PROBLEM STATEMENT: Copy the data below exactly. Any pictures in it should be omitted.

COLLECTED DATA:
━━━━
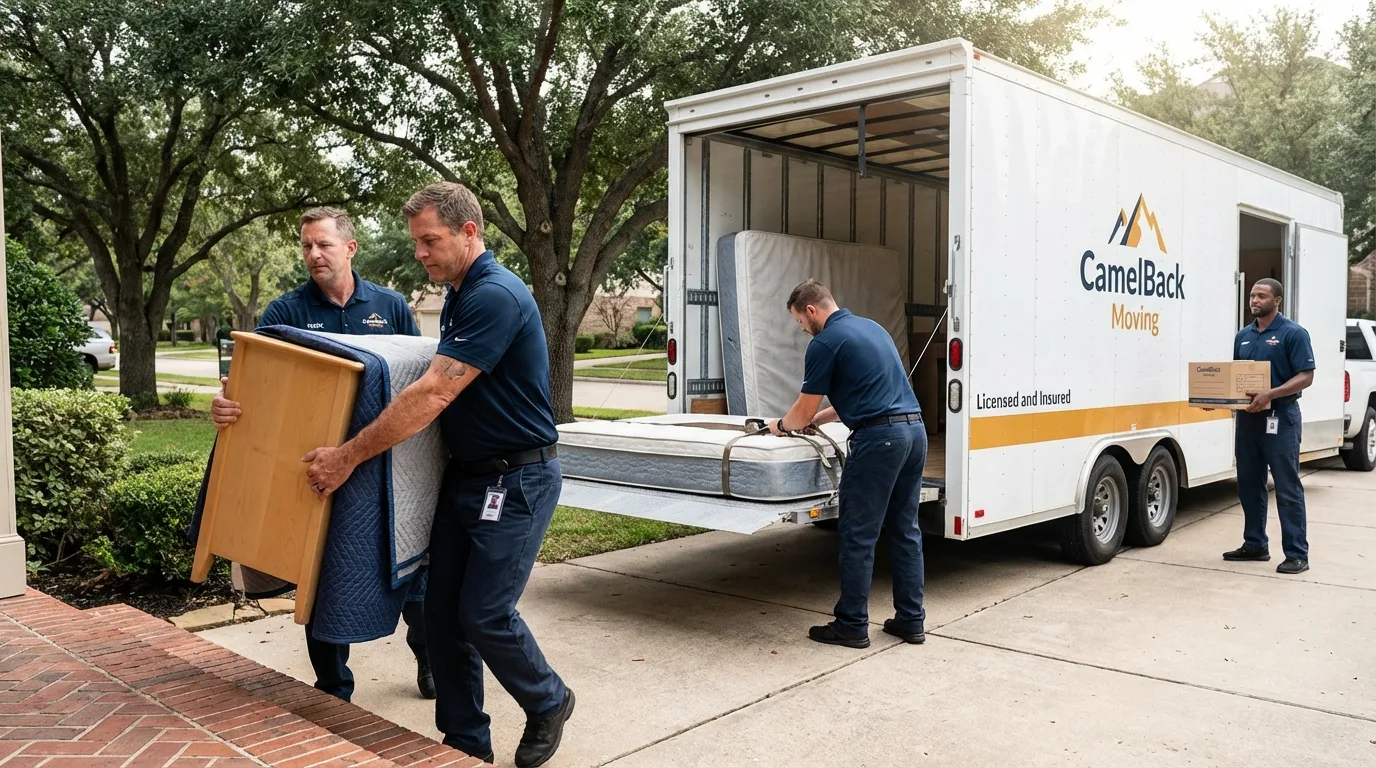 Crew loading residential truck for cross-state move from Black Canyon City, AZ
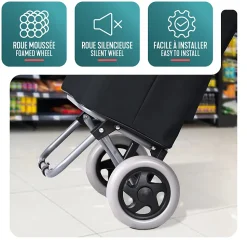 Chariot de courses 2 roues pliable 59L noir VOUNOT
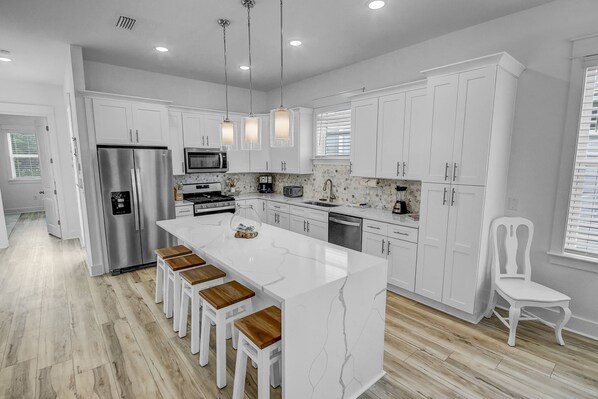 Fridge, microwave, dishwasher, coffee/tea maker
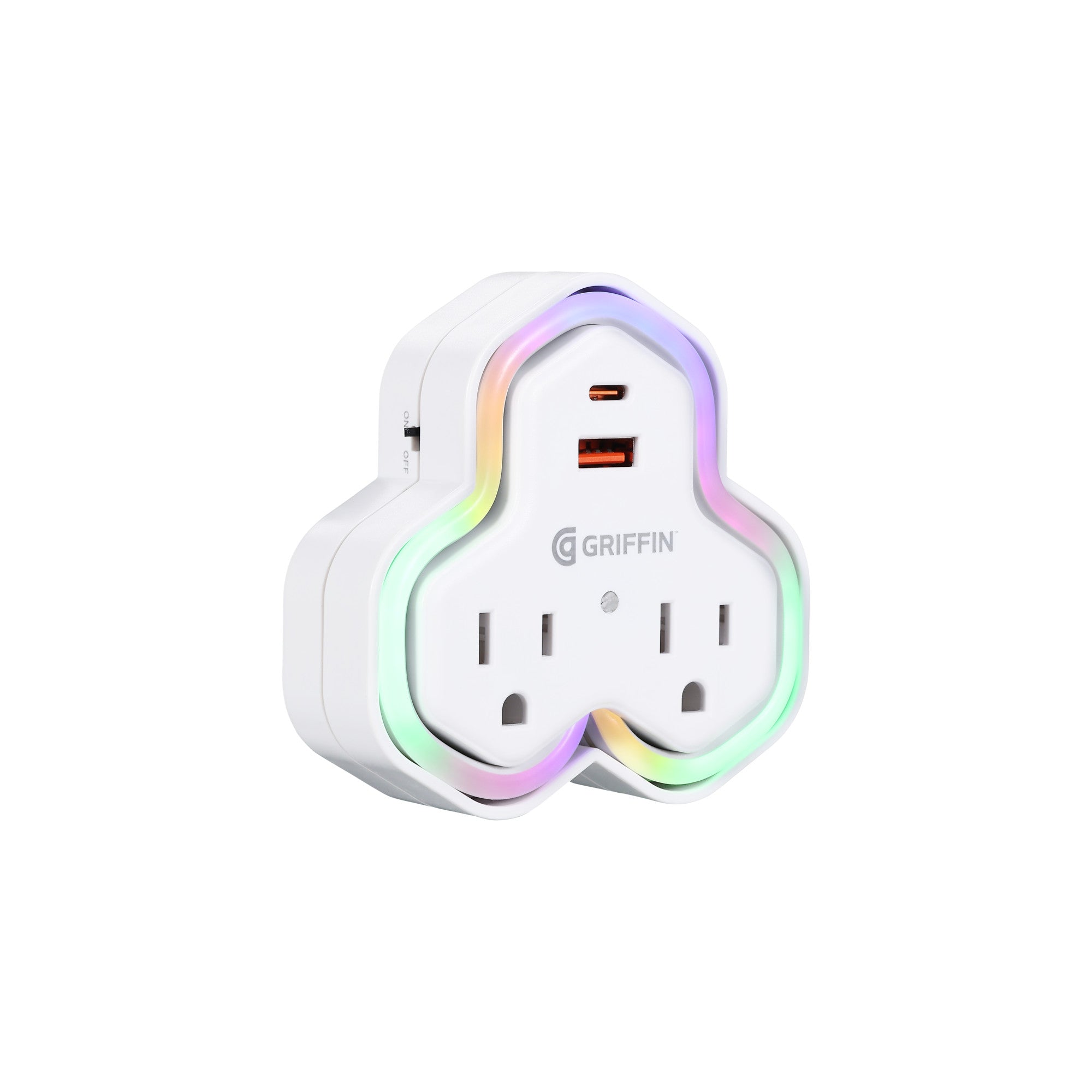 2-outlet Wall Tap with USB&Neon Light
━━━━
ANSWER TO THIS PROBLEM:
 Crew loading residential truck for cross-state move from Black Canyon City, AZ
 Chariot de courses 2 roues pliable 59L noir VOUNOT
 Fridge, microwave, dishwasher, coffee/tea maker
 2-outlet Wall Tap with USB&Neon Light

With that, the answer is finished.